Apart from the pictures, print the data below exactly as given.

-- Entries shown follows --

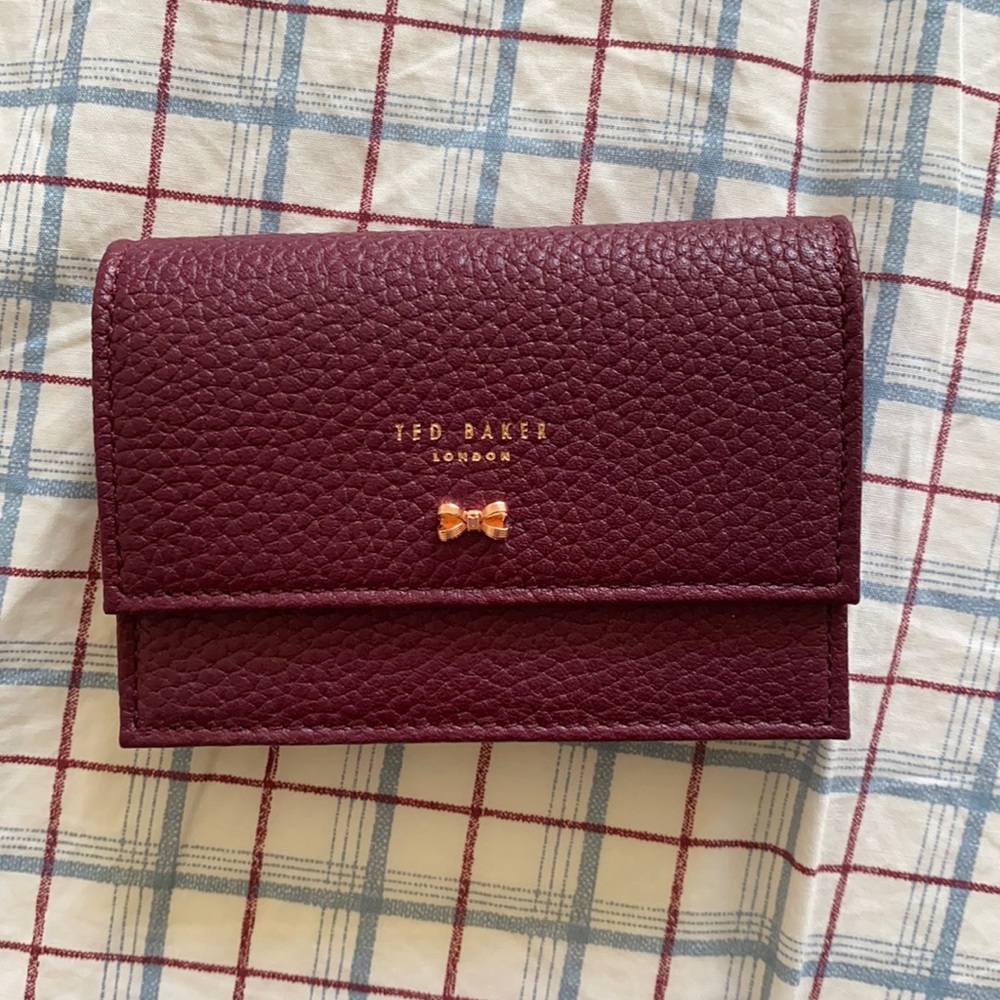 NWOT Ted Baker London small wallet card case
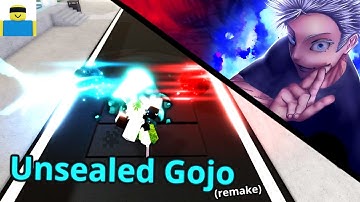 (old) Shinjuku Gojo Moveset Remake +Tutorial In Jujutsu Shenanigans Skill Builder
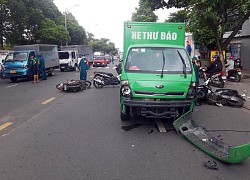 TP.HCM: Sau tiếng gào thét "chạy đi", xe tải tông hàng loạt xe máy ở Gò Vấp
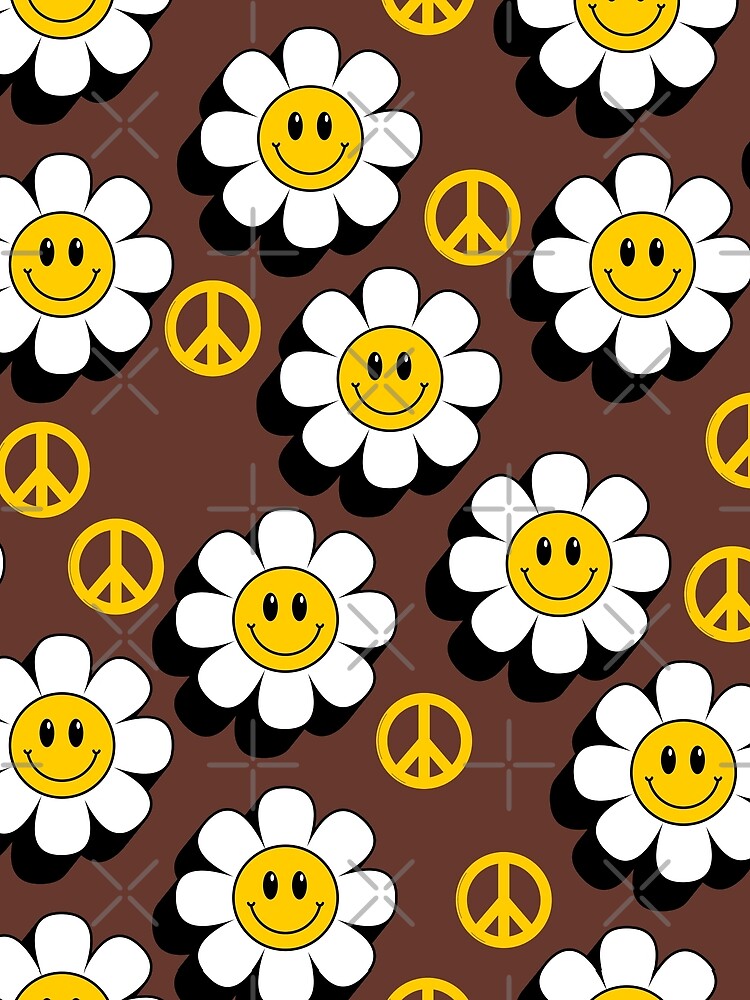Groovy Smiley Face Daisy by Maussa Ivimas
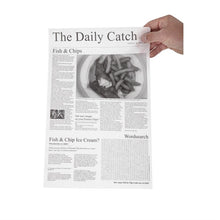 Afbeelding in Gallery-weergave laden, Vetvrij papier krantopdruk 27x42cm (500 stuks)
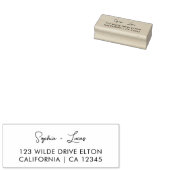 Aangepast retouradres Modern minimaal script koppe Rubberstempel (Gestempeld)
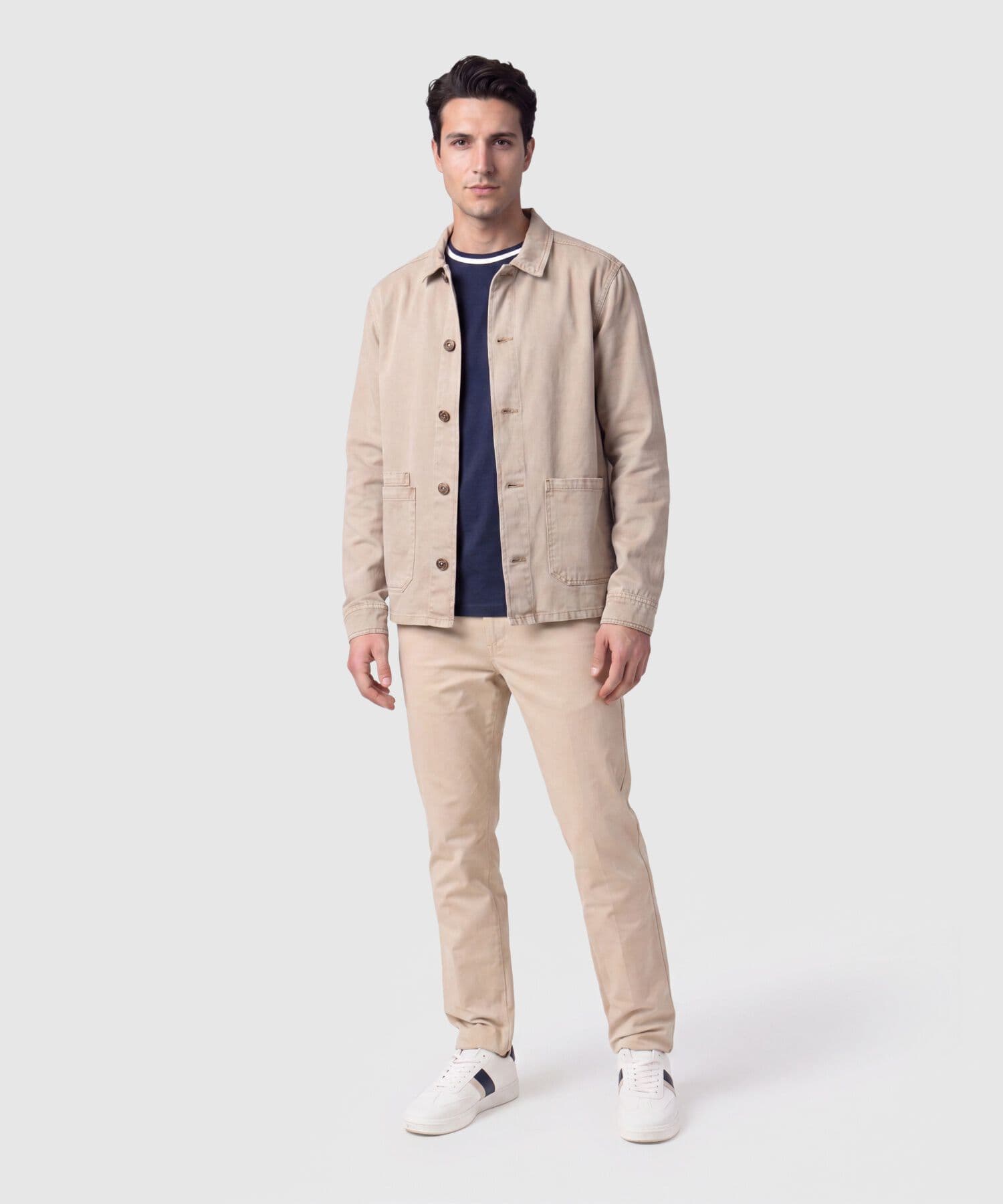 Chaqueta Dorada Suave café para hombre, vista 2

-- Entries shown concluded --

— Solution —
 NWOT Ted Baker London small wallet card case
 (old) Shinjuku Gojo Moveset Remake +Tutorial In Jujutsu Shenanigans Skill Builder
 TP.HCM: Sau tiếng gào thét "chạy đi", xe tải tông hàng loạt xe máy ở Gò Vấp
Groovy Smiley Face Daisy by Maussa Ivimas
 Afbeelding in Gallery-weergave laden, Vetvrij papier krantopdruk 27x42cm (500 stuks)
 Aangepast retouradres Modern minimaal script koppe Rubberstempel (Gestempeld)
 Chaqueta Dorada Suave café para hombre, vista 2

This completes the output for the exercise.